The group is negotiating with the Christchurch City Council over the purchase of the land, to enable it to run the facility when it reopens. The resource consent application is ready to be filed. Once a purchase agreement is in place, the group plans to start fundraising in earnest. More than $3 million will be needed to complete the project and provide some operational funds.

Donations can be made via the website stalbans-pavilionandpool.org.nz.

The group has a partnership with the St Albans Swim Club and also welcomes any new members who would like to help bring this dream to fruition.

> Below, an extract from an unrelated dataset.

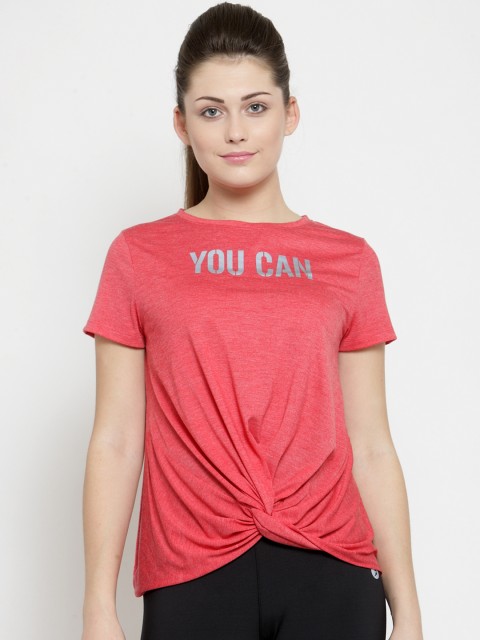 

BUKKUM Women Red Printed Round Neck T-shirt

Pre-loved shopping – where to go for what
Name: Edgeware Paperback Centre
Where: 52 Edgeware Rd
Book lovers should set aside some serious browsing time at this long-established Edgeware store. It’s a real Aladdin’s cave. You’ll find popular paperbacks, biographies, fiction, and children’s books floor to ceiling, in three rooms.

Name: Junk and Disorderly
Where: 10 Berwick St
This gorgeous little op shop has been put together with love and an eye for detail. Well organised and artfully displayed stock makes browsing a pleasure. It stocks everything from china teacups to men’s and women’s fashions.

Name: Etcetera Etcetera
Where: 194 Edgeware Rd
A must for vintage lovers. As well as vintage clothing, there’s a range of militaria, from medals and badges to World War I and World War II uniforms. Also books on local history, jewellery and all manner of kiwiana.

Name: Rainbow Relics
Where: 57 Warrington St
This privately owned secondhand goods store buys in a lot of its stock. There is a whole heap of clothes, books and children’s toys, as well as kitchenware and homeware. This is a great stop for committed bargain hunters.